FIG 7.1 — Glossary · Reference
Glossary.
Definitions of the technical vocabulary used across CrowLingo — bioacoustics, AI audio models, and corvid behavior. One sentence each. Click any term's deep link to read the methods page where it's explained at length.
- Embedding
- A learned vector representation of an input. For crow audio: a 1,024-number list a model produces for one clip; similar clips → nearby vectors.
- Latent space
- The high-dimensional space embeddings live in. Geometry inside it approximates acoustic similarity — close = similar, far = different.
- UMAP
- Uniform Manifold Approximation and Projection. A non-linear dimensionality reducer that flattens 1,024-dim embeddings to 2-D for visualization.
- HDBSCAN
- Hierarchical Density-Based Spatial Clustering of Applications with Noise. Finds dense clusters of arbitrary shape without requiring a target cluster count.
- Self-supervised learning (SSL)
- Training paradigm where a model creates its own supervision signal from unlabeled data — e.g. by predicting masked parts of a spectrogram from the rest.
- NatureLM-audio
- Earth Species Project's audio-language foundation model for bioacoustics (ICLR 2025). Audio in, natural language out.

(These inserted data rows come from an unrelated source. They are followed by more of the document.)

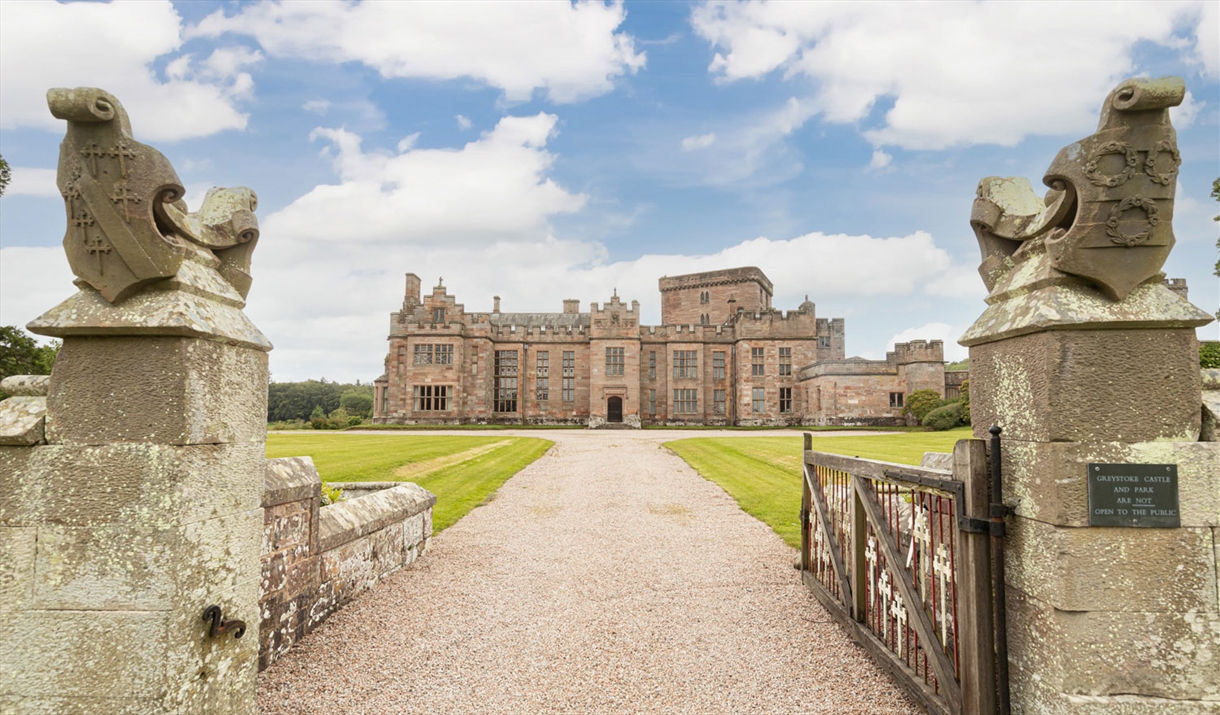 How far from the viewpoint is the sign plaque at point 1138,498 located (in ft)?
9.49

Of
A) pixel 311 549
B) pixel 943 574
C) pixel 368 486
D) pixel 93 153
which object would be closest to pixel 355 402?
pixel 368 486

Zero-shot species + behavioral classification.
- BirdNET
- Open-source deep-learning bird-sound classifier from Cornell Lab + Chemnitz UT. The workhorse for avian detection in long recordings.
- Perch
- Google's bioacoustics embedding model (PANNs/PaSST lineage). Stronger within-species detail than BirdNET; broader audio coverage than NatureLM-audio.
- Syrinx
- The bird vocal organ. Located at the bifurcation of the trachea into the bronchi. Two independent sound sources, which is why birds can make two notes at once.
- Spectrogram
- A time-frequency-intensity plot of an audio clip. Time on the x-axis, frequency on the y, color = energy at (t, f).
- Graded calls
- Calls that vary continuously along acoustic dimensions rather than belonging to discrete categories. Appear as bridges between clusters on the vocal map.
- Dialect
- Group-level acoustic variation in calls. Crow family groups show measurable centroid differences in their shared call types — early evidence for crow dialect.
- Syntax (in animal communication)
- Combinatorial structure where call order carries meaning beyond the sum of parts. For crows: statistical regularities exist; behavioral confirmation is thin.